ポイント:「反省」を繰り返すことで自らを戒め、少しでも利己的な思いを抑えることができれば、心の中には、人間が本来持っているはずの「利他の心」が現れてくる。

 2008年発刊の『「成功」と「失敗」の法則』(稲盛和夫著 致知出版社)「反省ある日々を送る」の項で、利己的な心を浄化することの大切さについて、稲盛名誉会長は次のように述べられています。

 私は洗面するときに、猛烈な自省の念が湧き起こってくることがあります。例えば、前日の言動が自分勝手で納得できないときに、「けしからん!」とか「バカモンが!」などと、鏡に映る自分自身を責め立てる言葉がつい口をついて出てくるのです。

 最近では、朝の洗面時だけでなく、宴席帰りの夜などにも、自宅やホテルの部屋に戻り、寝ようとするときに、思わず「神様、ごめん」という「反省」の言葉が自分の口から飛び出してきます。
 「ごめん」とは、自分の態度を謝罪したいという素直な気持ちとともに、至らない自分の許しを創造主に請いたいという、私の思いを表しています。

 大きな声でそう言うものですから、人が聞いたら、気がふれたと思われるかもしれません。しかし、一人になったときに、思わず口をついて出てくるこの言葉が、私を戒めてくれているのではないかと思うのです。
 このことを私は、自分自身の「良心」が、利己的な自分を責め立てているのだと理解しています。

 人間は、理性を使って、利他的な見地から常に判断ができれば、いつも正しい行動がとれるはずです。しかし実際には、そうなっていません。
 往々にして、生まれながらに持っている、自分だけよければいいという「利己的な心」で判断し、行動してしまうものです。

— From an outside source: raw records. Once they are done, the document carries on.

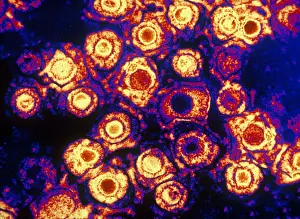 Histology Prints: Herpes Simplex Virus (TEM)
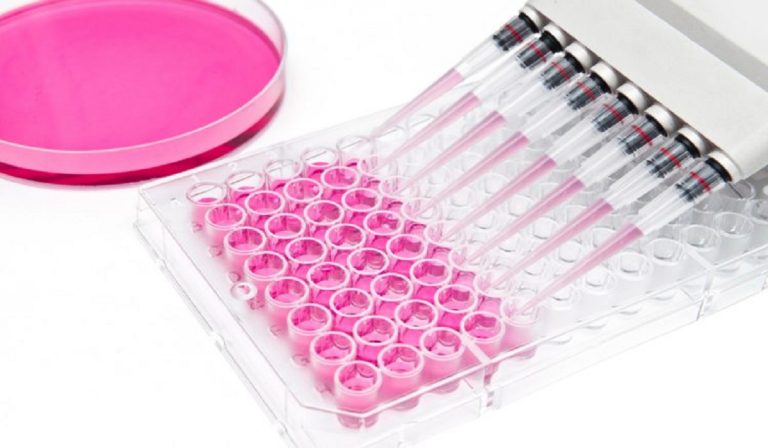 COVID 19 Impact on In Vitro Diagnostics Market worth $77.9 billion by 2025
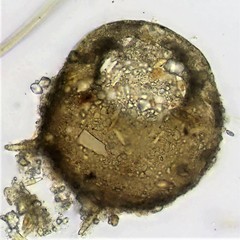 Centropyxis aculeata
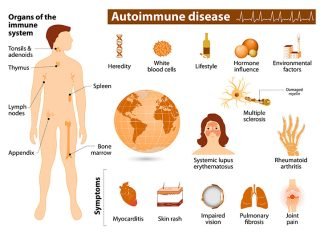 The Impact of Autoimmune Diseases on Daily Life: Tips for Managing Symptoms Autoimmune Diseases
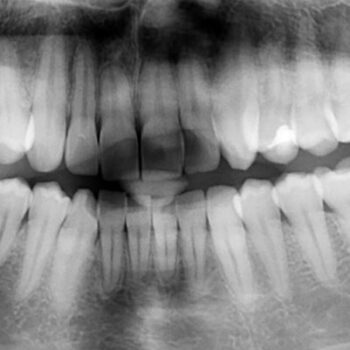 Radiographie dentaire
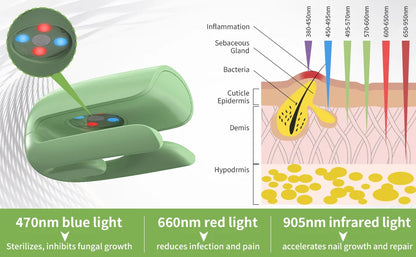 Nail Fungus Cleaning Device, Nail Fungus Cleaning Machine, Portable Nail Thickening And Decolorization Fungus Remover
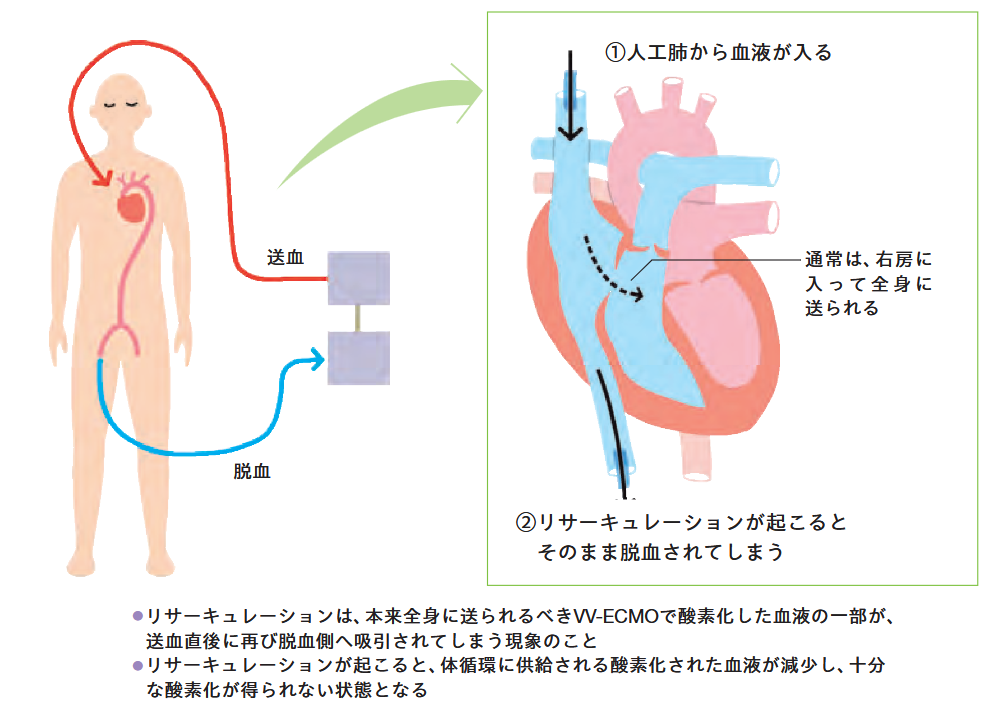 リサーキュレーションの起こるメカニズムの解説図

 それは、例えば自分の肉体を維持するために、他の存在を押しのけてでも自分だけが食物を独占しようとする貪欲な心のことですが、そのような利己的な心は、自己保存のために天が生物に与えてくれた本能ですから、完全に払拭することはできません。
 しかし、だからといって、この本能に基づく利己的な心をそのまま放置しておけば、人間は人生や経営において、欲望のおもむくままに、悪しき行為に走りかねません。

 「反省」をするということは、そのように、ともすれば利己で満たされがちな心を浄化しようとすることです。
 私は「反省」を繰り返すことで自らを戒め、少しでも利己的な思いを抑えることができれば、心の中には、人間が本来持っているはずの美しい「利他の心」が現れてくると考えています。

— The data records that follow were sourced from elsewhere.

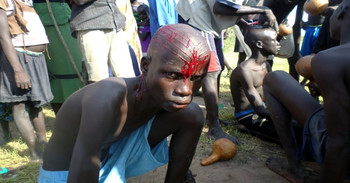 A boy during a traditional head scarification ceremony in Gogrial, Warrap State, South Sudan on October 1, 2015: (Photo: The Niles)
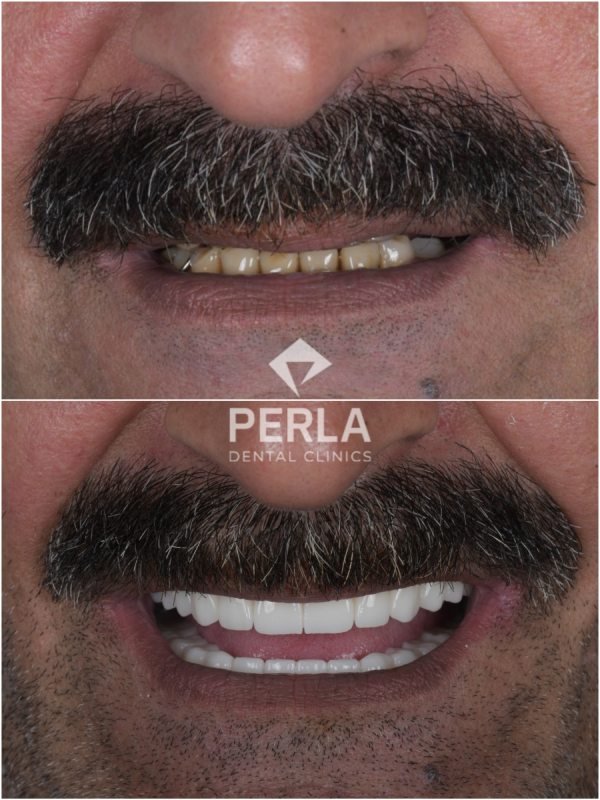 3 on 6 Dental Implants before-and-after results of 3-on-6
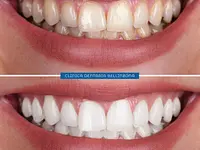 Clinica Dentaria Bellinzona Schulthess & Ottobrelli – Cliquez pour agrandir l’image 6 dans une Lightbox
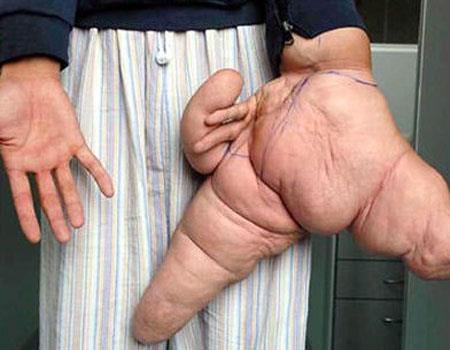 Macrodactyly  <br>  El ve Ayak parmaklarnn ar iri oluu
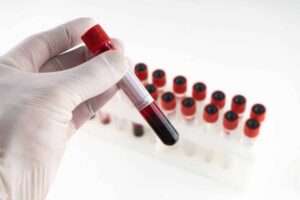 Blood Analysis Melbourne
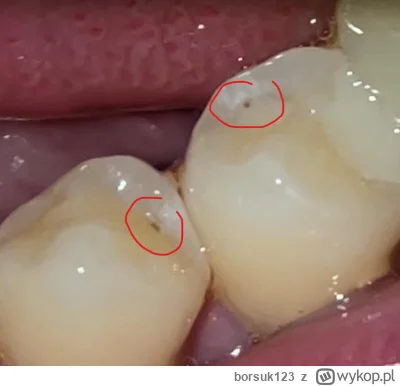 borsuk123 - #stomatologia 
Czy takie ciemne artefakty na zębach to zawsze próchnica? ...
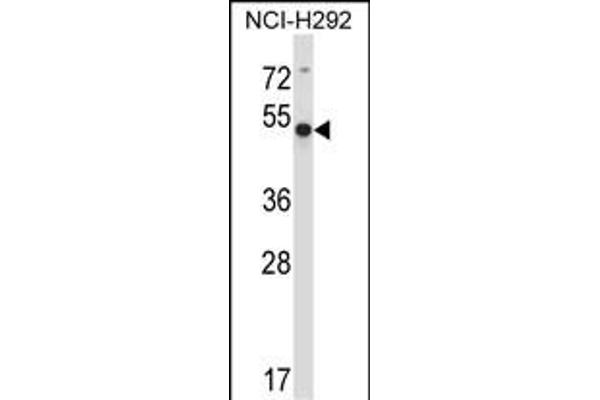 ACTR6 抗体  (C-Term)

 仏教で、「一人ひとりに仏が宿っている」と教えるように、人間の本性とはもともと美しいものです。「愛と誠と調和」に満ち、また「真・善・美」、あるいは「良心」という言葉で表すことができるような、崇高なものであるはずです。
 人間は「反省」をすることで、この本来持っている、美しい心を開花させることができるのです。
(要約)

 人間は誰しも完璧ではあり得ず、ときには間違いを引き起こしてしまいます。しかし、そのたびに素直に「反省」し、再び同じ間違いを繰り返すことのないよう懸命に努めていく。そうした日々を送ることが、少しずつ己の人間性を高めてくれるはずです。

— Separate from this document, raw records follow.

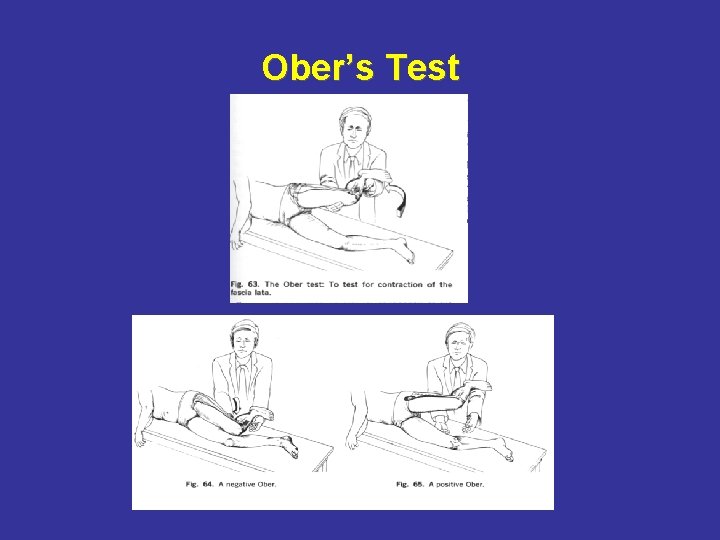Ober’s Test 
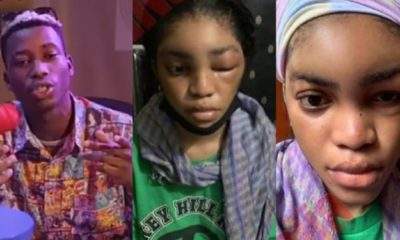 Lil Frosh denies beating girlfriend, says the swelling on her face was due to allergic reaction (Video)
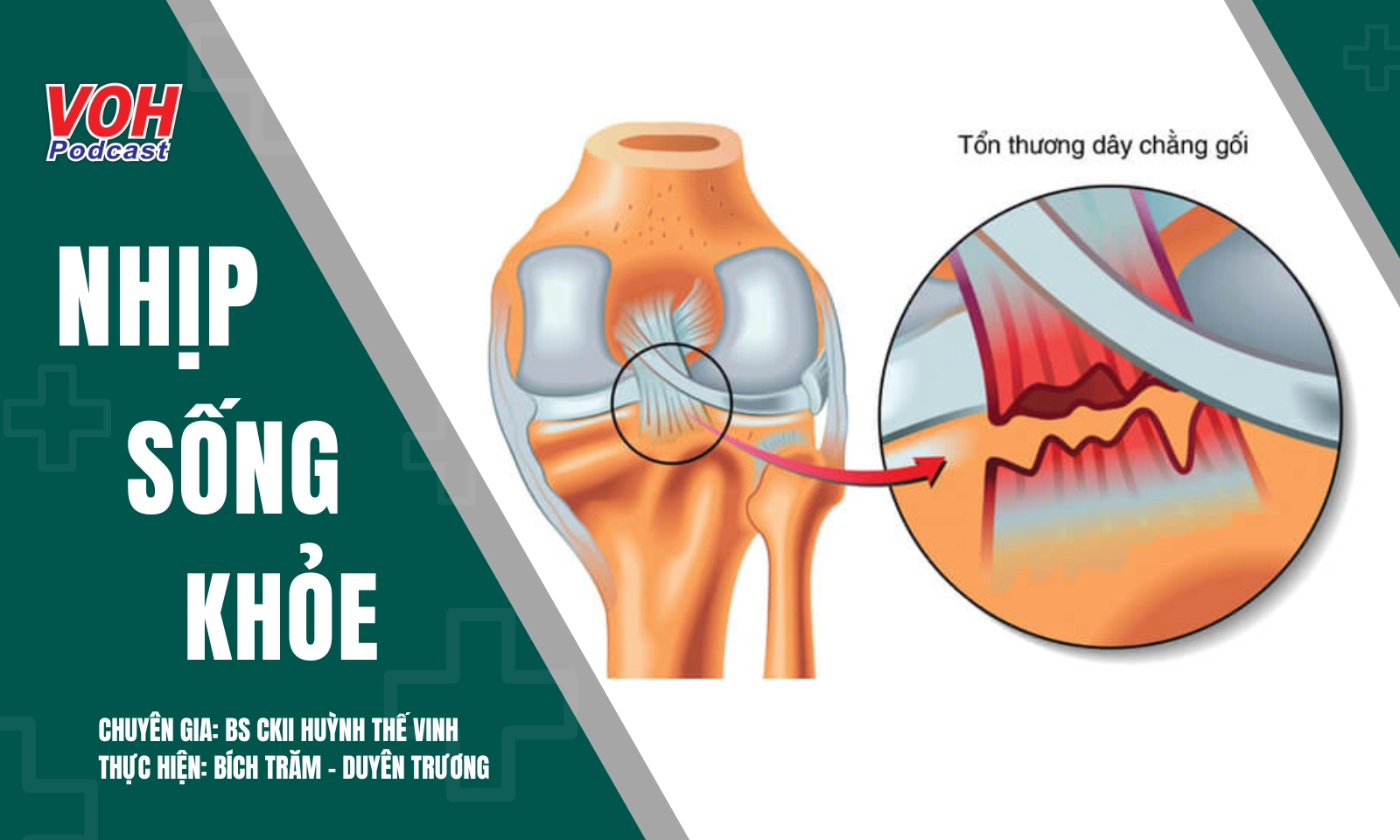 Chấn thương dây chằng: Nguyên nhân và biến chứng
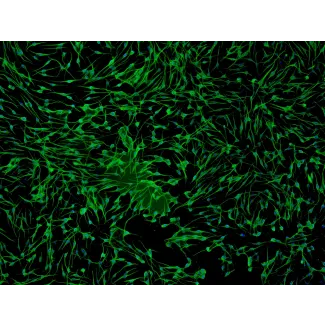 Human Epidermal Melanocytes-light (HEM-l) - Immunostaining for S100-β, 100x.
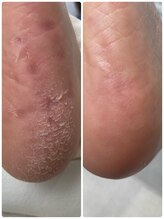 エクラプラス(Eclat.plus)/フットケア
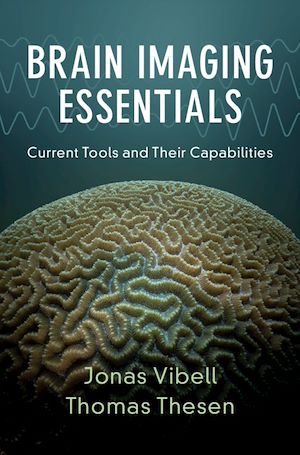 Download the eBook: Brain Imaging Essentials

 1996年発刊の『成功への情熱 ーPASSIONー 』(稲盛和夫著 PHP研究所)「反省ある人生を送る」の項で、名誉会長は次のように説かれています。

 反省ある人生とは、毎日さまざまな判断をしていく中で、それが果たして人間として正しかったのかどうかを絶えず真剣に反省し、常に自分を戒めながら生きていくことです。努めて冷静に、謙虚に反省することです。

 もしも自分勝手で少しでも卑怯な振る舞いをしていたことに気づいたら、「自分だけのことを考えるな」「正しいことを行う勇気を持て」と、自分に言い聞かせるのです。
 このような反省を繰り返していると、間違いを犯す前に、そのような自分の心に気づくようになり、誤った判断をしなくなるのです。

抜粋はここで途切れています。